STUDY MATERIAL
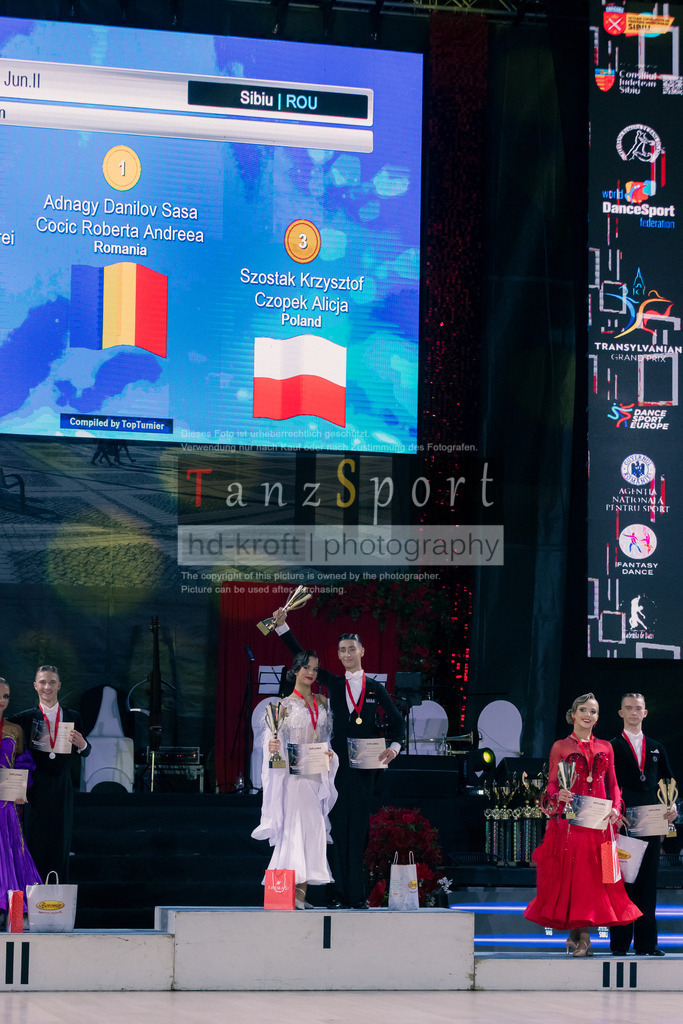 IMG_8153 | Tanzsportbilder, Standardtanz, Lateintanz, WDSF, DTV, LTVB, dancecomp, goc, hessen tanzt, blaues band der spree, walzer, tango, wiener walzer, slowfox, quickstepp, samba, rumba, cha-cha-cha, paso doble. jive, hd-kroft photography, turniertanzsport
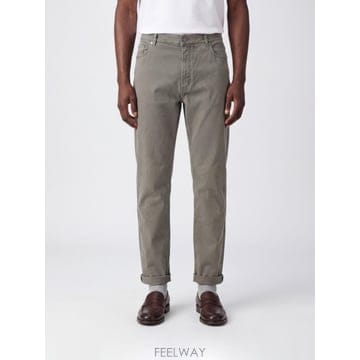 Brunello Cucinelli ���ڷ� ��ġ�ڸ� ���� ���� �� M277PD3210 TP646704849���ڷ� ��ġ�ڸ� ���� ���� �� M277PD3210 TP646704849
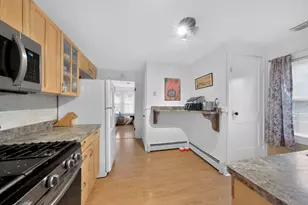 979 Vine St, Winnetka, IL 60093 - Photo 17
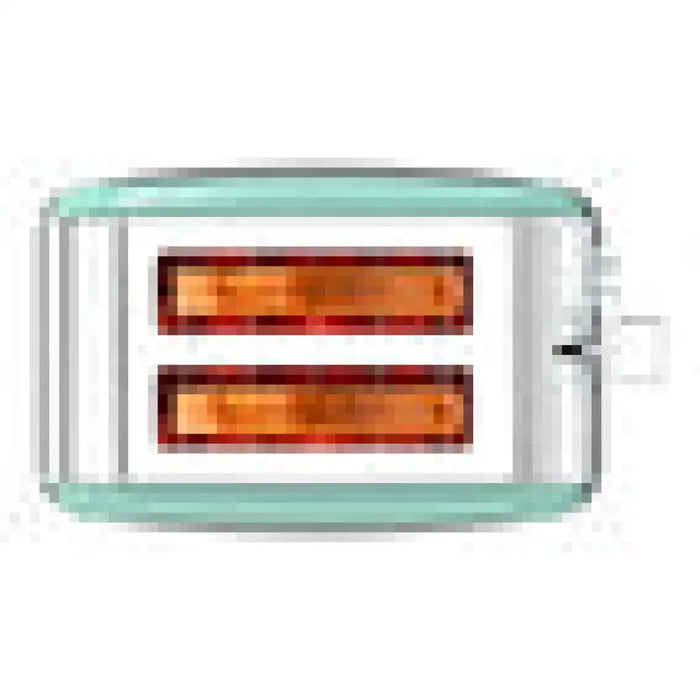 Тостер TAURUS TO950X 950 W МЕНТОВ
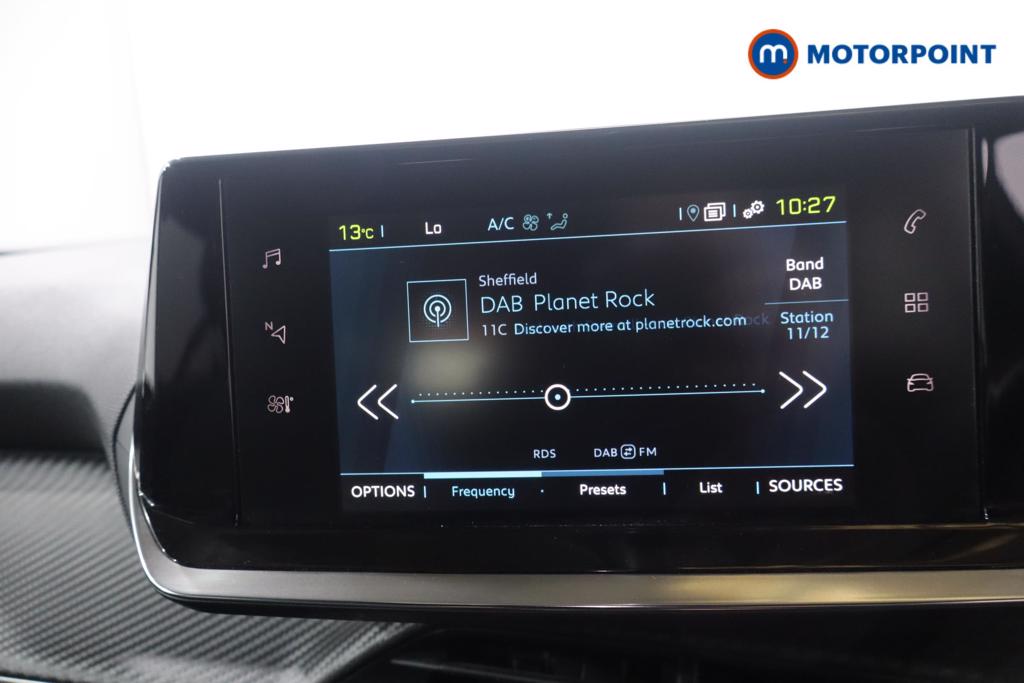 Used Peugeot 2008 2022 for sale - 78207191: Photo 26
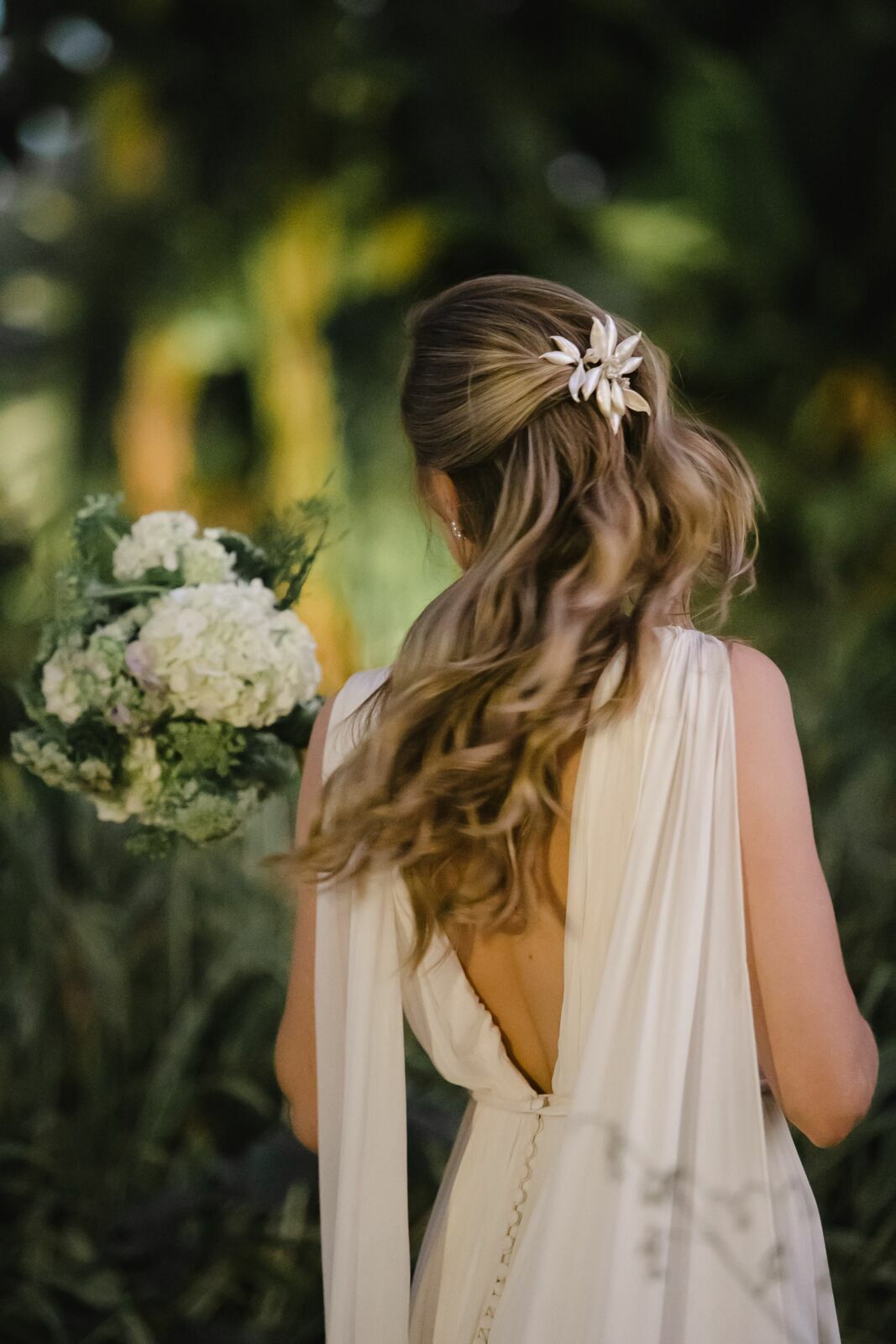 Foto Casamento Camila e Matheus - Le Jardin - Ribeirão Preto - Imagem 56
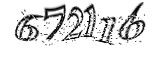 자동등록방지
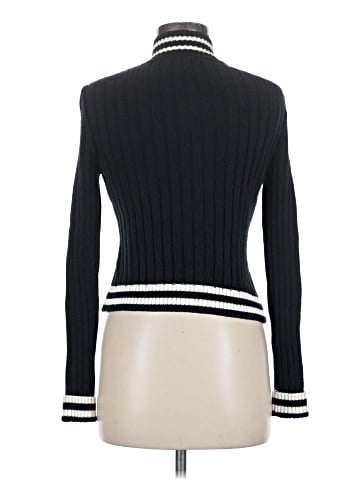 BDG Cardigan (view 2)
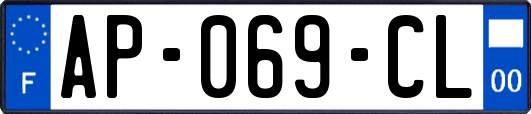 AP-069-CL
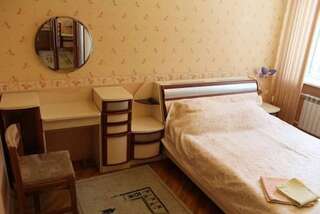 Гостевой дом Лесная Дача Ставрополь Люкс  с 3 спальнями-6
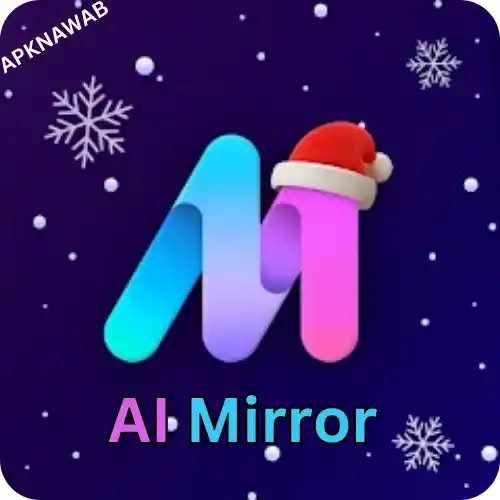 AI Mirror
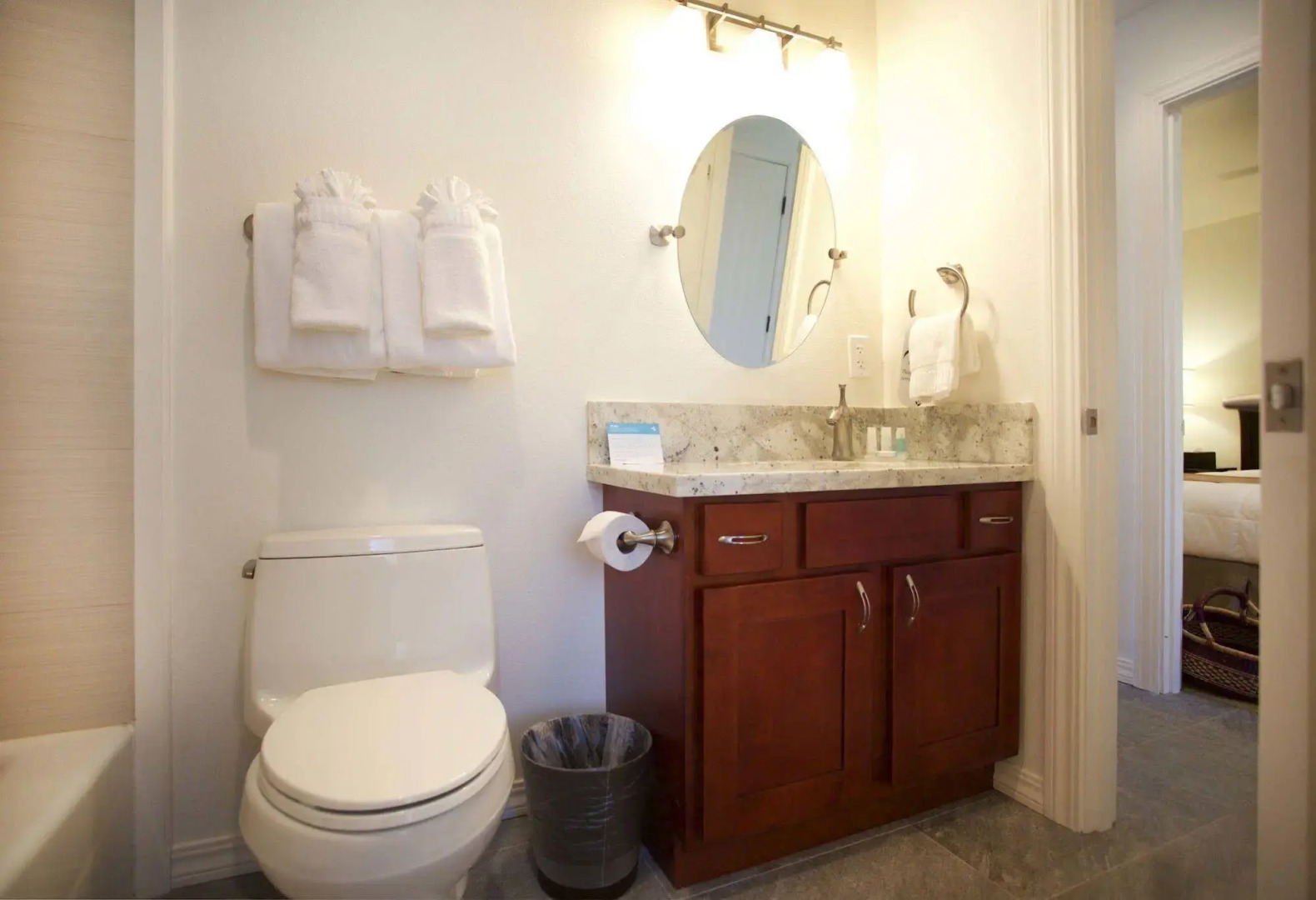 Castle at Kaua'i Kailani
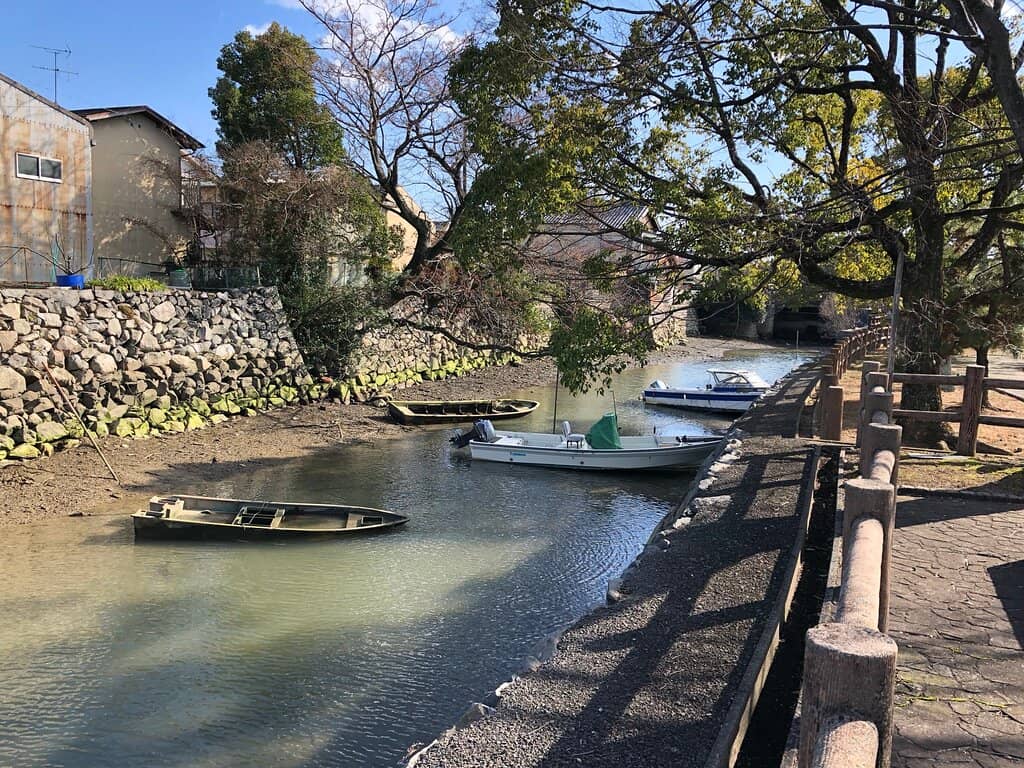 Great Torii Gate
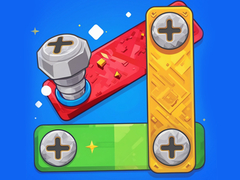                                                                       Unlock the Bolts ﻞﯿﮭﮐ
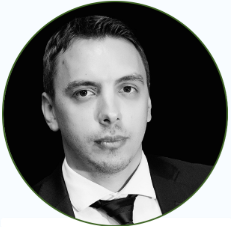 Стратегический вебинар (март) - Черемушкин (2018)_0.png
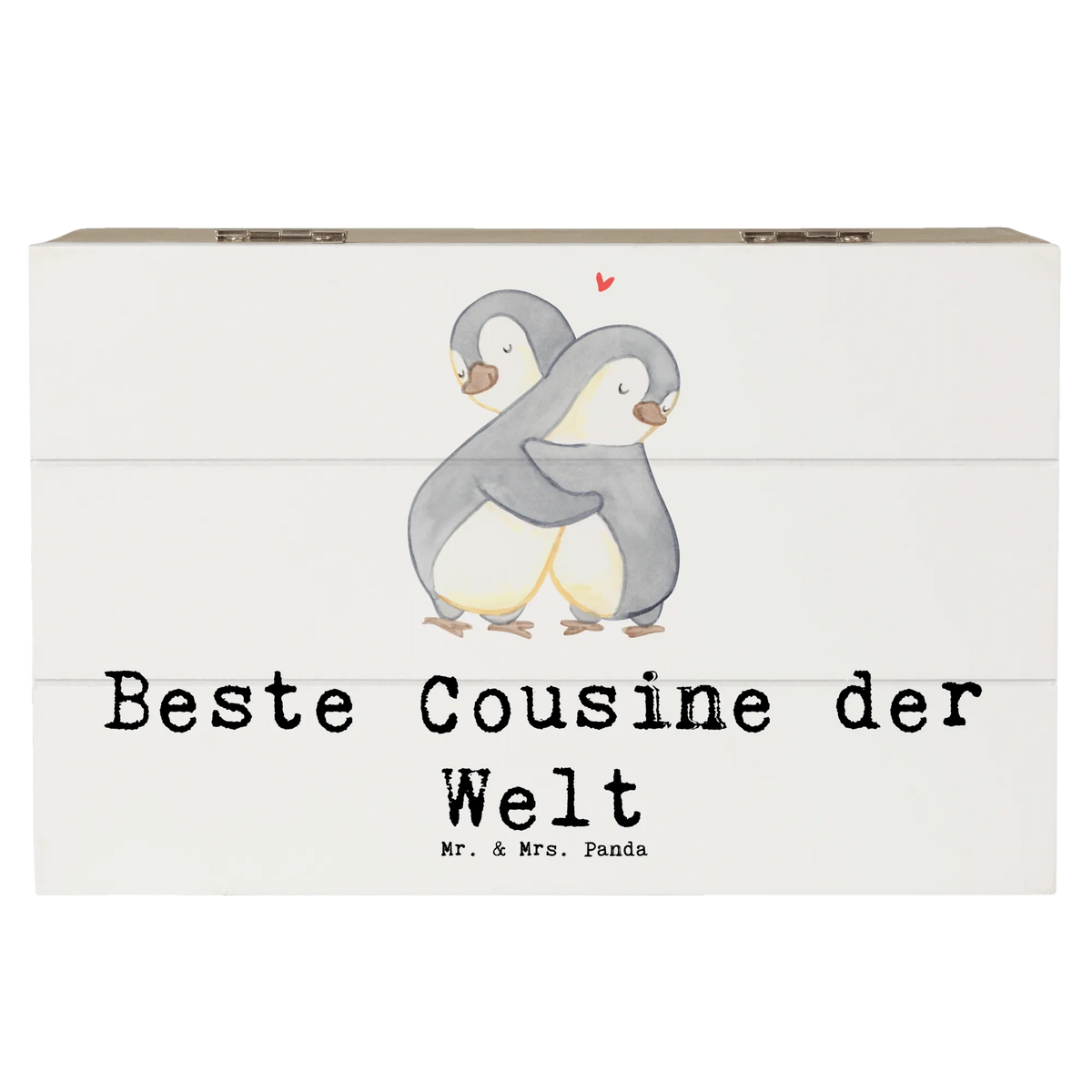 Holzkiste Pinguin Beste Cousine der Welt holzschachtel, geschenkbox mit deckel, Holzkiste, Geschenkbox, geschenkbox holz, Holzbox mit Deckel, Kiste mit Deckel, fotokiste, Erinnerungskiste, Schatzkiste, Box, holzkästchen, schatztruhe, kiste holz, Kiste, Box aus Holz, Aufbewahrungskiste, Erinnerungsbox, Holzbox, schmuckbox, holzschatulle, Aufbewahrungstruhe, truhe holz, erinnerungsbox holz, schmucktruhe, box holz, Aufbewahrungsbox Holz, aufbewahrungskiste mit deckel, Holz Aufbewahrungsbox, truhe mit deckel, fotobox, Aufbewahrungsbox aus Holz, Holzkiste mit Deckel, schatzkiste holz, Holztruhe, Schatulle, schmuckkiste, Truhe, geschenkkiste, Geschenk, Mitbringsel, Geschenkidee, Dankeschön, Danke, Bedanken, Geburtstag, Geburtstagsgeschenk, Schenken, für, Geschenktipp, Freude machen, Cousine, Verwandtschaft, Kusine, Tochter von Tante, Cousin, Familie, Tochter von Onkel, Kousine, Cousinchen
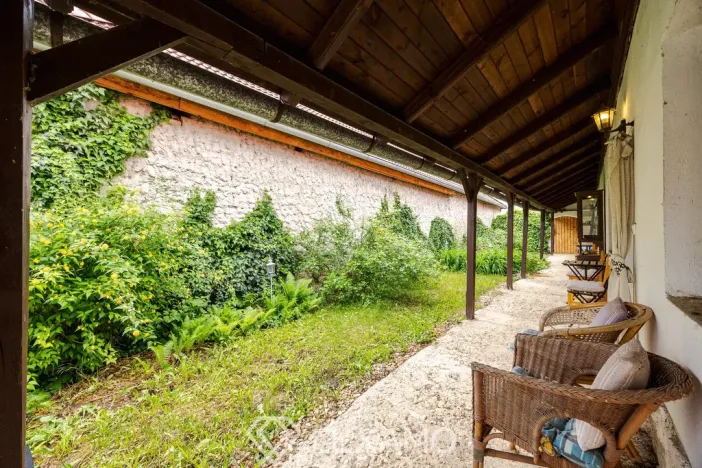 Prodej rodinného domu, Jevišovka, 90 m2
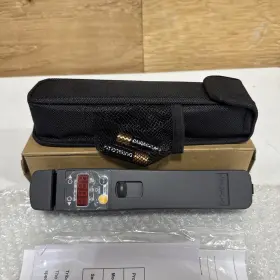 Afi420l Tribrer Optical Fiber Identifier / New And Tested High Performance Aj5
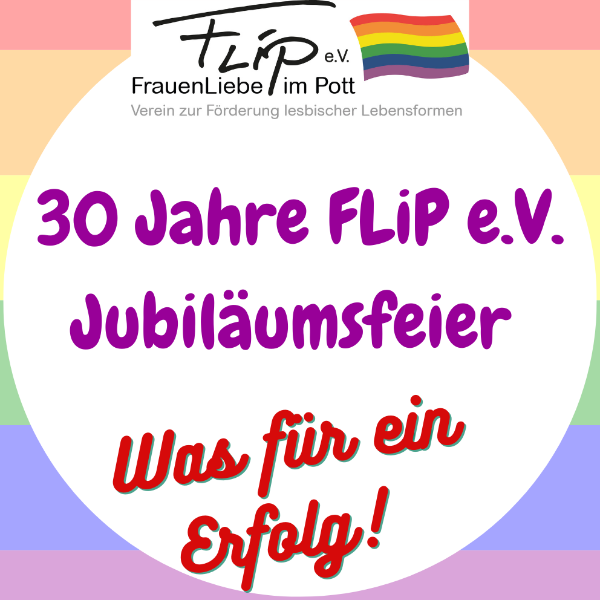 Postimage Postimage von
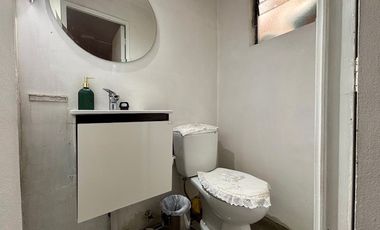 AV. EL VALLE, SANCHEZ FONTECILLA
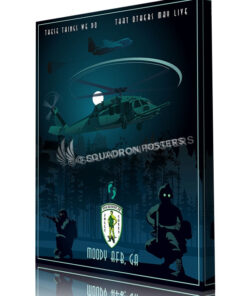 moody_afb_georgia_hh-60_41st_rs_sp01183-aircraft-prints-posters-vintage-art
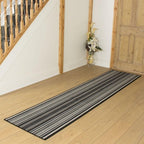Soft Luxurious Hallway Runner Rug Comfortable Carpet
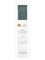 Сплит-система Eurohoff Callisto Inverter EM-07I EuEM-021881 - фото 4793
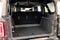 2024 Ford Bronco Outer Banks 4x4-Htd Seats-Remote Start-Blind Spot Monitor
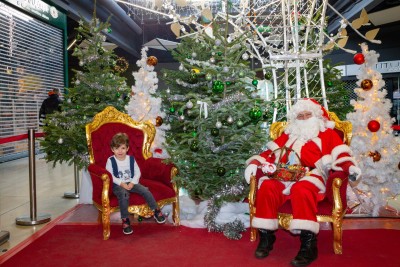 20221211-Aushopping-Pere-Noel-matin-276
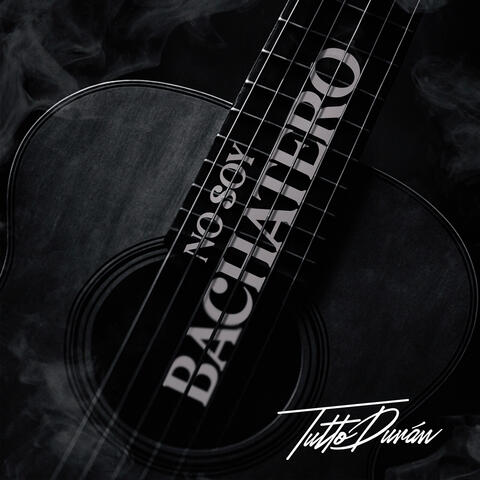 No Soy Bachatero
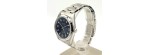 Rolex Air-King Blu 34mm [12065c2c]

ACTION ITEM
Output exactly those lines of the data above that run from the line with "Гостевой дом Лесная" up to and including the line with "Стратегический вебинар (март)". No pictures go in.

YOUR RESPONSE
 Гостевой дом Лесная Дача Ставрополь Люкс  с 3 спальнями-6
 AI Mirror
 Castle at Kaua'i Kailani
 Great Torii Gate
                                                                       Unlock the Bolts ﻞﯿﮭﮐ
 Стратегический вебинар (март) - Черемушкин (2018)_0.png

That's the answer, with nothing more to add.